O escritor moçambicano Mia Conto disse, em publicação de consternação sobre a morte do museu, que “o Brasil parece um país em guerra consigo mesmo”. Metafísica da predação, em que se caça e é caçado ad infinitum. Sob os olhos inertes dos deuses gregos enfileirados na fachada do Museu, o ritual foi completo, liderado pelas figuras satânicas que têm nos feito reféns, evocando a próxima geração de demiurgos, ainda mais toscos, composta pelos tipos que se recusam a assumir nossos pecados coletivos, que tampam os ouvidos e fecham os olhos à escravidão imposta aos negros, aos genocídios dos indígenas, à perseguição, tortura e morte dos opositores ao regime militar, enfim, gente para quem só existe o pecado (dos outros).

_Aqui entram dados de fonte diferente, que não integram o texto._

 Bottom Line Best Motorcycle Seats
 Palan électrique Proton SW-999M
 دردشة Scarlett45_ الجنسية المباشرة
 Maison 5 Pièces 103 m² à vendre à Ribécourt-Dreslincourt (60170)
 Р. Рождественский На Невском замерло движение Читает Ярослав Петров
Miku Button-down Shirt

Emanações do que há de pior na nossa ignorância, energia pesada mesmo, essa é a vitória de um intenso processo de negação de nossa história.

Mas eles se esquecem das resistência, das subversões, das revoluções…

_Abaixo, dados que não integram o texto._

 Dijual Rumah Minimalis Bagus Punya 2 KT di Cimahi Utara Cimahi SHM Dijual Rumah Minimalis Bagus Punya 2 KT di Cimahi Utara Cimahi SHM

Porque a gente não quer que o mundo acabe, mas ele insiste em continuar ameaçando acabar. Mas não se esqueçam: o Bendegó sobreviveu. O meteorito que beijou essa terra em seu pedacinho mais doce de chão, vindo sei lá de qual rincão do infinito céu para cair no sertão da brasileira Bahia e depois ser transposto à capital da época para ser exposto desde então. Foi encontrado pelo menino Berdinadino da Motta Botelho, em 1784, que dizem ter exclamado “Ôxi!” ao ver o pedrão de cinco toneladas.

As pedras resistem. Sejamos pedras então. Resistir é uma forma de existir, e Gal nos ensinou que “é preciso estar atento e forte. Não temos tempo de temer a morte” – não temos tempo a nenhum temer. O mundo é muito mais do que homens de mãos pequenas. Ontem vi, na seção de uma mostra de cinema negro, no fabuloso Odeon, na praça da Cinelândia, uma menina com a camiseta: “Quem não luta, está morto”. Disseram, no ato do dia seguinte ao incêndio, na mesma praça da Cinelândia, que a primeira mulher do Brasil havia sido queimada nesse incêndio. Referiam-se a Luzia, o fóssil humano mais antigo encontrado nas Américas, nas terras do Pará. 13 mil anos depois, datação aproximada de Luzia, mulheres negras ainda são encontradas mortas, assassinadas, nesse sítio “de bruteza antiga e natural” que é o nosso, como descrito pelo padre Antonio Vieira no século XVII. “Sou eu queimando na fogueira do pecado” – grita Ava Rocha em 2018, Eva de um novo Gênesis, sem pecado, Deusa na Terra do Sol, no clipe de sua música Joana Dark. No céu da tarde de ontem nasceu um arco-íris. E o diabo é que vá par’os diabos!